The scandals of Ray’s notorious personal behaviors, his fondness for alcohol & pills that lead to high profile public drunkenness arrests, & the emergence of rock n’ roll diminished Ray’s musical force. He would continue to have records on the charts but the material he was being given by producers like Mitch Miller became increasingly sappy & irrelevant.

Despite her knowledge of the 1951 arrest, Marilyn Morrison, the daughter of the owner of the Mocambo nightclub in LA, California, married Ray in 1952. Morrison was aware of the singer's sexuality from the start, telling a friend she would "straighten it out." The couple separated in 1953 & divorced in 1954. Morrison tried to contact Ray many times in the decades that followed their divorce, sometimes talking on the phone with Ray’s lover/manager Bill Franklin. Ray always instructed Franklin to get rid of her on the phone. Morrison attended the LA memorial service for Ray a month after his death & she refused to talk about Ray until the end of the 1990s.

During a 1956 engagement at the Desert Inn in Las Vegas, Ray met up with a young Elvis Presley, who had just bombed at the same venue. Ray had been one of Presley's biggest inspirations as a teenager in Memphis. Elvis had the performance style & stage shaking mania pioneered by Ray. The singers enjoyed a friendship that lasted until Presley's early death in 1977.
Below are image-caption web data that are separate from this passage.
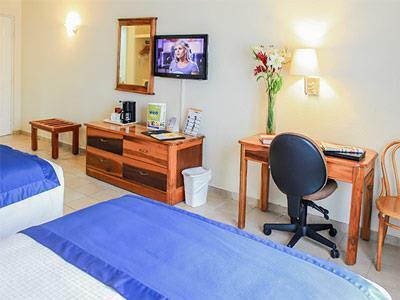 Hotel Comfort Inn Tampico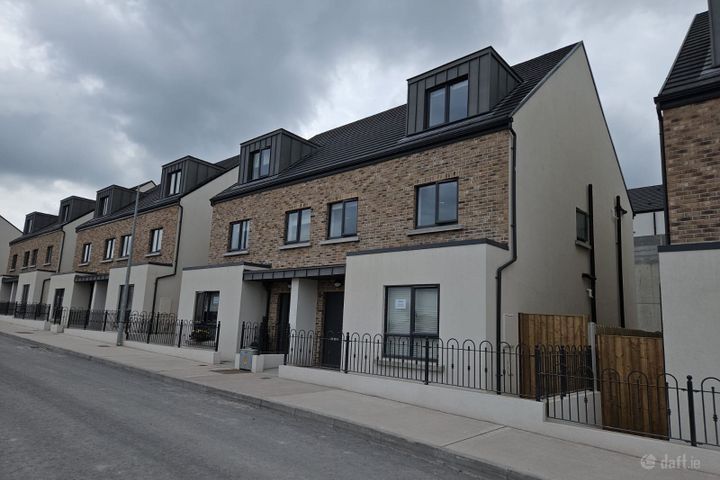 Belview Wood , Belview Wood, Maryborough, Douglas, Co. Cork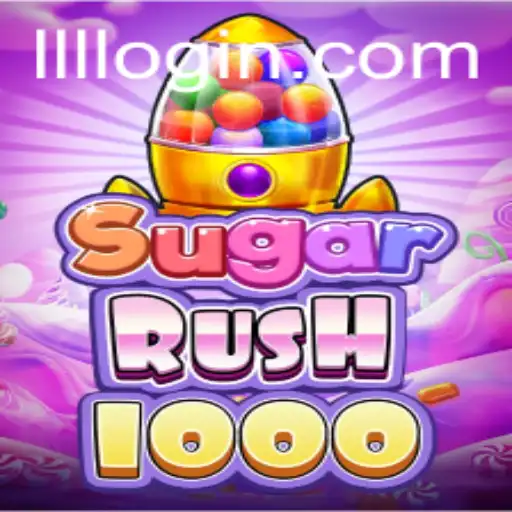 Explorando o Mundo Encantado de SugarRush1000 no LLL.BET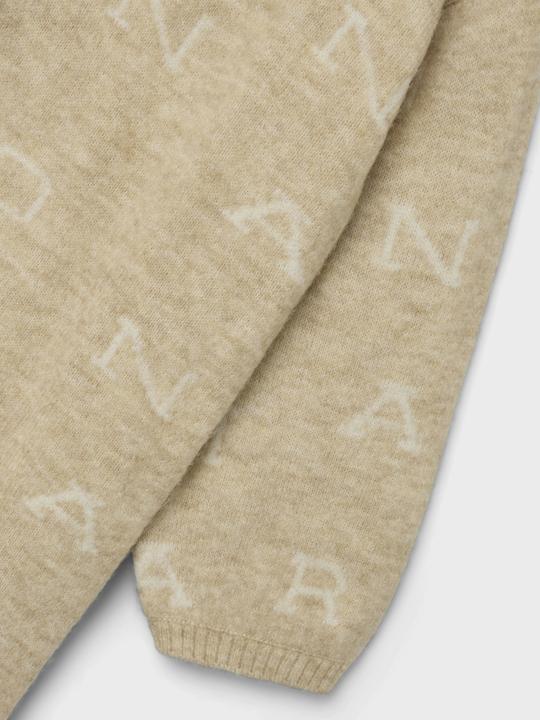 Image du produit Name it Robe en tricot (122)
Ray also had a “beard” in news columnist Dorothy Kilgallen, despite the wrath incurred on both of them by Frank Sinatra. Ray's conquest of the pop charts in 1951, holding the top 3 spots at once had come at a time when the once, outraged Sinatra. He was a little unhappy to be replaced by a raging, flaming fag cry-baby, & he was maddened by the fact that the love of his life Ava Gardner had an obsession with the singer. Sinatra held a lifelong grudge.

In 1964, Kilgallen, who had nurtured & supported Ray through so many ups & downs, was found dead in her apartment. It was speculated that she was murdered by someone who thought that she was delving deeply into JFK’s assassination. She had reportedly uncovered some very damning evidence that linked Jack Ruby to a criminal plot.

After Kilgallen’s death, Ray was back to booze, pills, & anonymous hook ups with men. His recordings & stage performances suffered. At 50 years old, Ray was diagnosed with cirrhosis.

In 1974, Ray played the London Palladium. In an echo of his friend Judy Garland before him, 20 years after he shook the Palladium audiences, Ray enjoyed an unprecedented come back with a 15 minute standing ovation.

Sadly, like Garland, Ray was one of those performers born to destroy themselves. After relapsing back to booze & pills, he slipped into a coma on February 24, 1990, surrounded by friends. He was only 63 years old.

He was the most controversial performer alive in his day. He captured more imaginations and minds with his heartbreaking voice and tearful lyrics than anybody had before. Ray had taken the formidable handicap of hearing impairment & he used the personal pain to bring out his heartbreaking voice. Ray was a  gay man, who some people thought sounded like a girl, with a hearing aid sticking out of his ear. Is there any way that Ray could be any more an outsider? Ray is buried here in Oregon.

Ray: “Above all thing, a man must be masculine But when he has the desire to express emotion, he suppresses himself because he doesn’t think it’s manly. Ordinarily a man can’t be as demonstrative as I am when I sing, people wouldn’t understand it. But I get fan letters from men. Women in my audiences see reflected in me all the emotion & tenderness & thoughtfulness that unfortunately the American male doesn’t have time for today.”